# F-16 Gets a New Paint Scheme



## tomahawk6 (8 Dec 2007)

The new arctic paint scheme looks very neat. 






Kunsan Airmen paint arctic F-16 for Eielson
Senior Airman Matthew Wuensch checks the stencil alignment for the finishing touches on an F-16 Fighting Falcon at Kunsan Air Base, South Korea. Airman Wuensch is with the 8th Maintenance Squadron fabrication flight. (U.S. Air Force photo/Chief Master Sgt. William McElligot)










Kunsan Airmen paint arctic F-16 for Eielson
Staff Sgt. Cory Goines thumbs through a technical order manual for finishing instructions while Senior Airmen Kevin Stevens and Matt Wuensch take care of the final details on a newly painted arctic scheme F-16 Fighting Falcon Nov 30 at Kunsan Air Base, South Korea.

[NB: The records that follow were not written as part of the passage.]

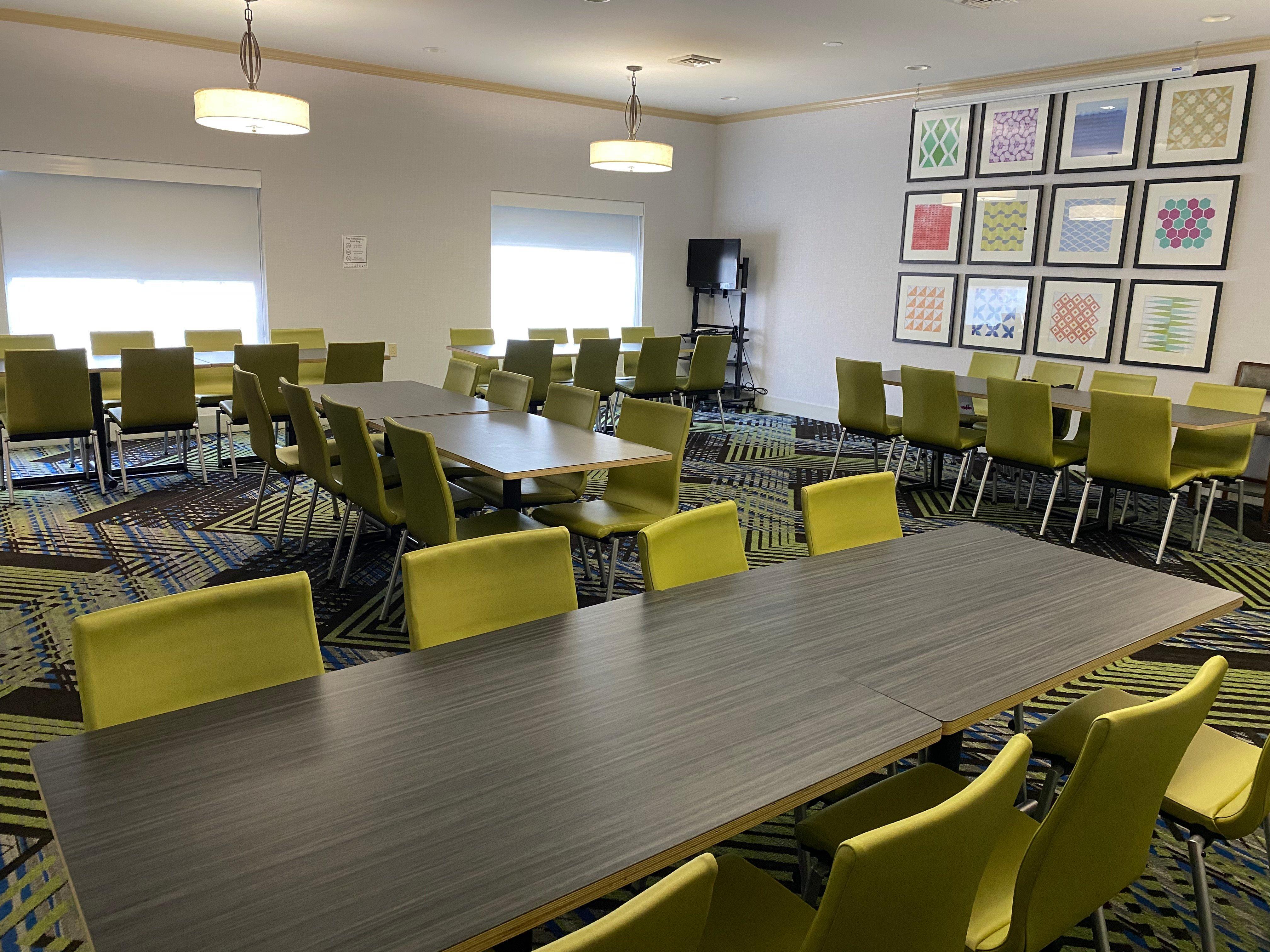 Holiday Inn Express & Suites Indianapolis North - Carmel By Ihg エクステリア 写真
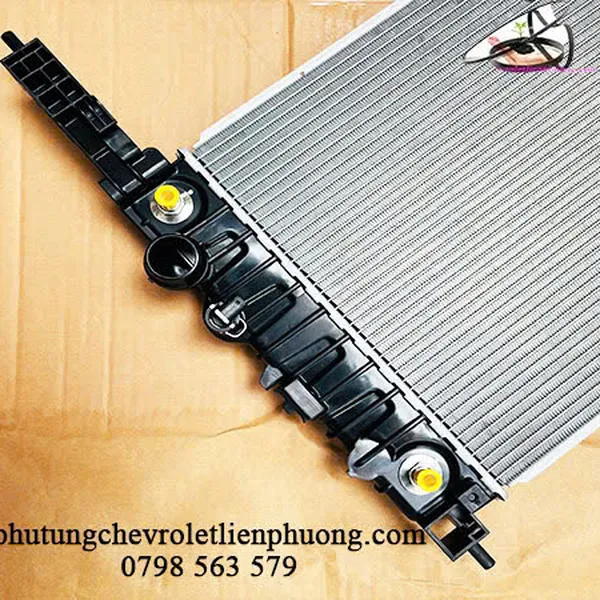Mua ngay Két nước chevrolet trax chính hãng GM mã 95298556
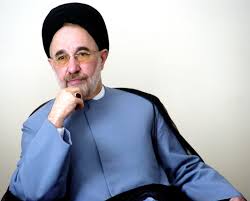 هدف خاتمی آزمایش افکار عمومی است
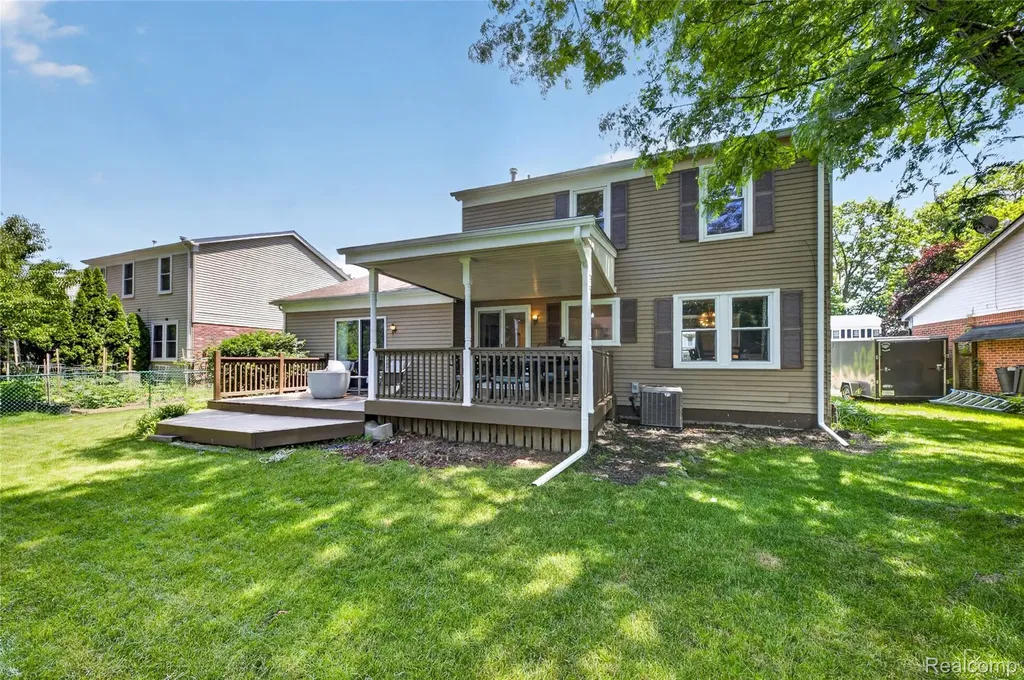451 Lansdowne Drive Westland City MI 48185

All are aircraft structural maintenance journeymen with the 8th Maintenance Squadron, which painted the aircraft in preparation for an upcoming Eielson/Kunsan F-16 swap. The aircraft is the first unit to have the arctic scheme. (U.S. Air Force photo/ Tech. Sgt. Quinton T. Burris)


----------



## geo (8 Dec 2007)

Pretty!


----------



## observor 69 (8 Dec 2007)

I didn't notice any story link so here it is :

http://www.af.mil/news/story_media.asp?id=123078440


----------



## Mike Baker (8 Dec 2007)

Nice!


----------



## midget-boyd91 (8 Dec 2007)

Very nice... but how am I going to be able to see it when it's painted in a camouflage scheme?


----------



## geo (9 Dec 2007)

uncle-midget-boyd said:
			
		

> Very nice... but how am I going to be able to see it when it's painted in a camouflage scheme?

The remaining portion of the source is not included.